Nesta quinta (16), o Ministério da Defesa anunciou ter feito mais um lançamento bem-sucedido do 3M22 Tsirkon (zircão, em russo). É o quarto teste do modelo desde outubro --até então, haviam ocorrido cinco lançamentos na fragata Almirante Gorchkov no mar Branco.
Segundo a agência Tass, a produção em série do míssil está em fase de contrato. Isso explica a aceleração no ritmo dos testes, mas a divulgação ocorre no contexto do agravamento das tensões com os Estados Unidos e a Otan (aliança militar ocidental).
Também nesta quinta, o secretário-geral da aliança, Jens Stoltenberg, afirmou que as demandas de Putin apresentadas aos EUA na crise são inaceitáveis. O russo quer garantias por escrito de que o clube não irá expandir-se a leste, retirando os convites feitos em 2008 à Ucrânia e à Geórgia.
Isso é inaceitável na Rússia, que vê os antigos pedaços da União Soviética (1922-91) como áreas que, se não são aliadas como a ditadura da Belarus, não podem ser incorporadas à estrutura militar ocidental e trazer tropas e mísseis às fronteiras russas.
No caso georgiano, o Kremlin travou uma guerra rápida em 2008 e garantiu a autonomia de duas áreas de maioria étnica russa no país, travando seu processo de adesão à Otan.
Seis anos depois, foi a vez da Ucrânia, onde um golpe derrubou o governo pró-Putin e a resposta foi a anexação da Crimeia, um fato consumado político, e a guerra civil que gerou a virtual independência de áreas separatistas pró-Rússia no leste do país.
Visando uma demonstração de força na hora de negociar uma acomodação, Putin deslocou cerca de 100 mil homens e equipamentos como blindados, tanques e sistemas antiaéreos, para áreas relativamente próximas da Ucrânia.
Para o Ocidente, há o risco real de invasão, o que o Kremlin nega. Seja como for, os ânimos seguem exaltados e nesta quinta o Kremlin afirmou que Putin está aberto para uma nova conversa virtual com Joe Biden, o presidente americano que já havia rechaçado as demandas russas numa videoconferência na semana passada.
Além das ameaças de sanções ocidentais, Putin tem novos problemas. O Kremlin teve de negar, nesta quinta, um relato comprometedor acerca de sua presença em território ucraniano.
Tudo começa com um caso simples de corrupção, no qual um funcionário de uma empresa que fornece alimentos e produtos para as Forças Armadas foi condenado por cobrar propina. Só que, em seu testemunho à corte de Rostov (perto da Ucrânia), ele disse que parte do material entregue foi para tropas russas nas áreas rebeldes.

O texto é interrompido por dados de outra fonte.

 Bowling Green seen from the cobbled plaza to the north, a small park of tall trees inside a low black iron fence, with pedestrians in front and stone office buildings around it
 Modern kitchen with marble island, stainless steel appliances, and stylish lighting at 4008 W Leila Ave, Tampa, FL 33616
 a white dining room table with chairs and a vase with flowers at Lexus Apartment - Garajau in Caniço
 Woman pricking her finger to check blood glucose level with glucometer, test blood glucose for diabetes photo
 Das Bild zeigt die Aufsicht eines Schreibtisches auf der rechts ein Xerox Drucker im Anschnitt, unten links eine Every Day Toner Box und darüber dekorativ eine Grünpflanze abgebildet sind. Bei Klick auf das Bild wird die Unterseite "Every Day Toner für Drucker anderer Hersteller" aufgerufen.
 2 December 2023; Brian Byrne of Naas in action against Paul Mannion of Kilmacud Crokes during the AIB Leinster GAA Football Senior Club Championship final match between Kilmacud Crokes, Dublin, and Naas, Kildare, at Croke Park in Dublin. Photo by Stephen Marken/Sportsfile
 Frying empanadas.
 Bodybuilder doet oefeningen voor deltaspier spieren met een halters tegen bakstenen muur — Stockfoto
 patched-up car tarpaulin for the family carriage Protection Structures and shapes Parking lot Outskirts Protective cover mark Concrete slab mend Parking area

Isso é um segredo de polichinelo. O próprio chanceler Serguei Lavrov já disse, num seminário em Moscou, que havia ocorrido uma intervenção russa na região. Mas o Kremlin sempre negou ter forças estacionadas lá.

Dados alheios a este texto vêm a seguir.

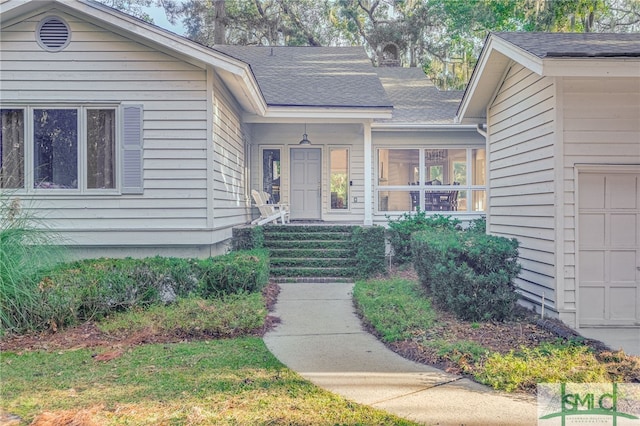 entrance to property featuring roof with shingles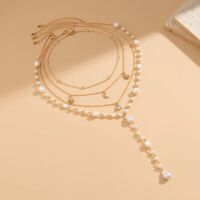 Layering-Kette mehrteilig goldfarben mit Perlen und Kristall-Anhängern für Damen aus Messing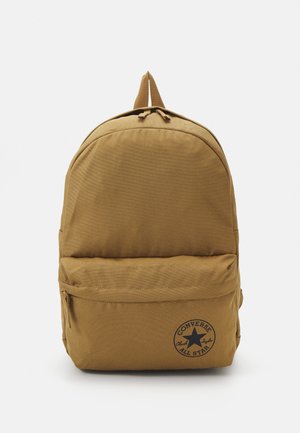 Zaino beige realizzato in tessuto resistente, con una parte superiore tondeggiante, tasca frontale con zip e un dettaglio con logo circolare nella parte inferiore.
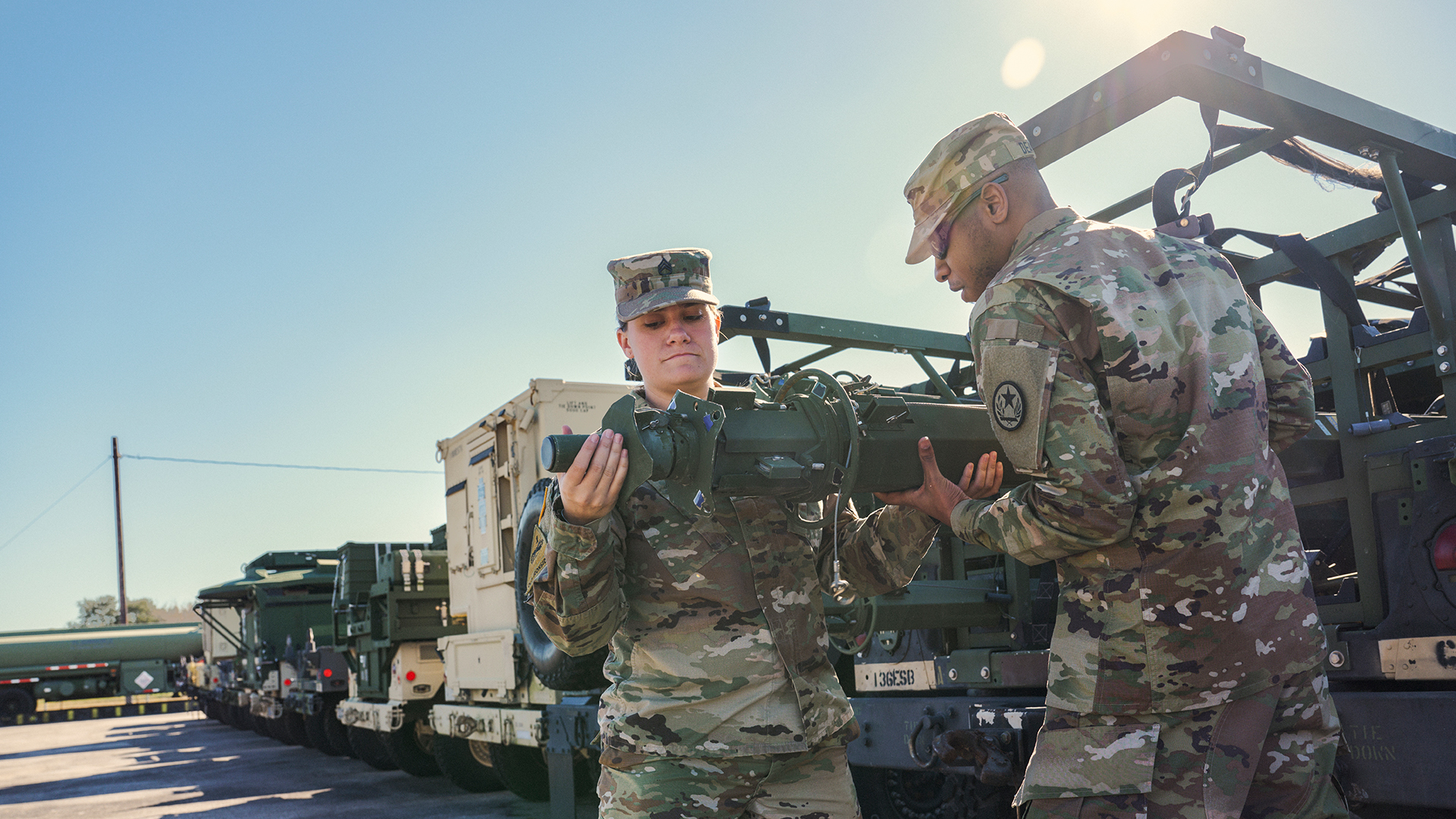 Miranda Delamorena loading a truck with a coworker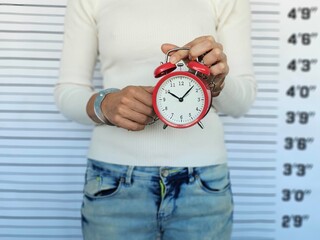 Woman in handcuffs holding alarm clock at police station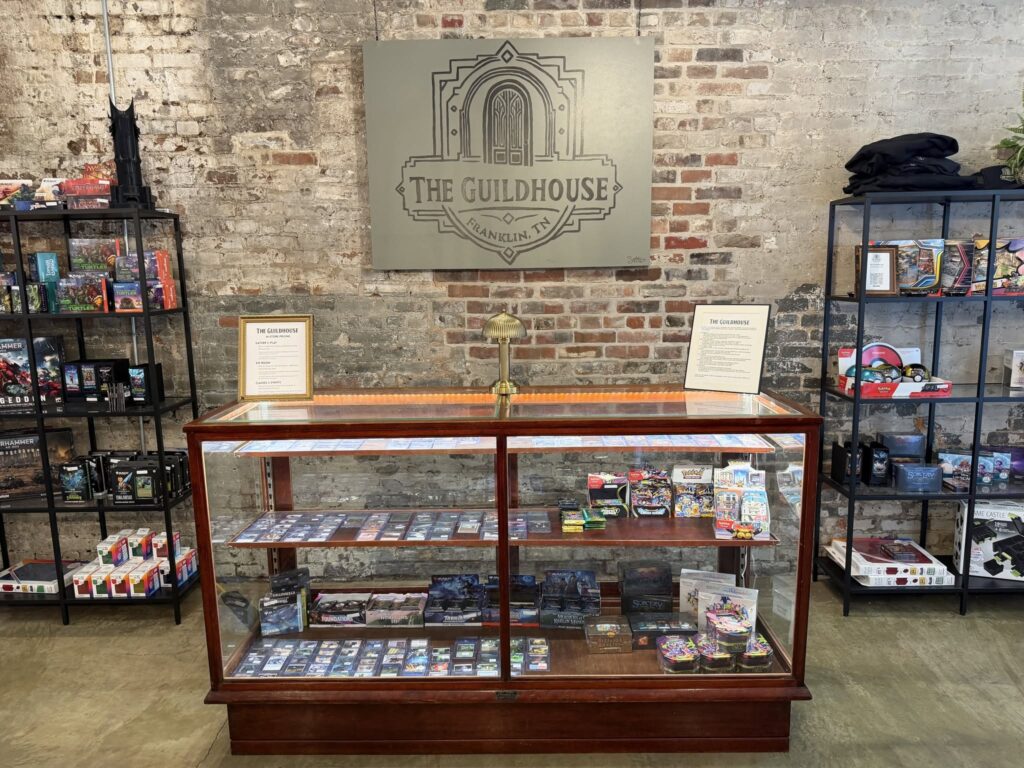 The Guildhouse tabletop gaming shop in downtown Franklin, TN, featuring board games, collectible card games, and gaming merchandise.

É neste clima que os testes hipersônicos continuam. As armas são consideradas parte do arsenal do futuro, e o recente lançamento de um modelo avançado atribuído à China gerou alarme nos EUA --que têm programas ainda não muito avançados na área.
Os chineses são aliados dos russos na atual crise, com o líder Xi Jinping exortando Putin à defesa comum de ambos os países contra o Ocidente.
Observando o cenário europeu, a introdução mesmo que limitada de um míssil naval desses no mar Negro, que banha a área contestada da Crimeia, além de Rússia, Ucrânia e outros países, traria problema para a Otan. Nesta quinta, aliás, os russos fizeram exercícios de ataques a navios na região.
No teste desta quinta, o Tsirkon atingiu um alvo a cerca de 400 km do ponto de lançamento, no campo de testes de Chija (região de Arkhangelsk, no Ártico). O Tsirkon pode atingir até nove vezes a velocidade do som (11 mil km/h) em trajetória manobrável, facilitando a evasão de defesas.
Ele é uma das "armas invencíveis" que Putin anunciou em 2018 para dizer que estava à frente do Ocidente no campo da tecnologia hipersônica. Diferentemente de dois outros modelos hipersônicos já em uso limitado, o Kinjal e o Avangard, ele não emprega ogivas nucleares.
Sua função primária, desde a fase de desenho e teste inicial em 2012, é servir de arma antinavio. Ele vai até 28 km de altitude com um propelente sólido, e aí aciona um motor com combustível líquido de alta performance chamado scramjet.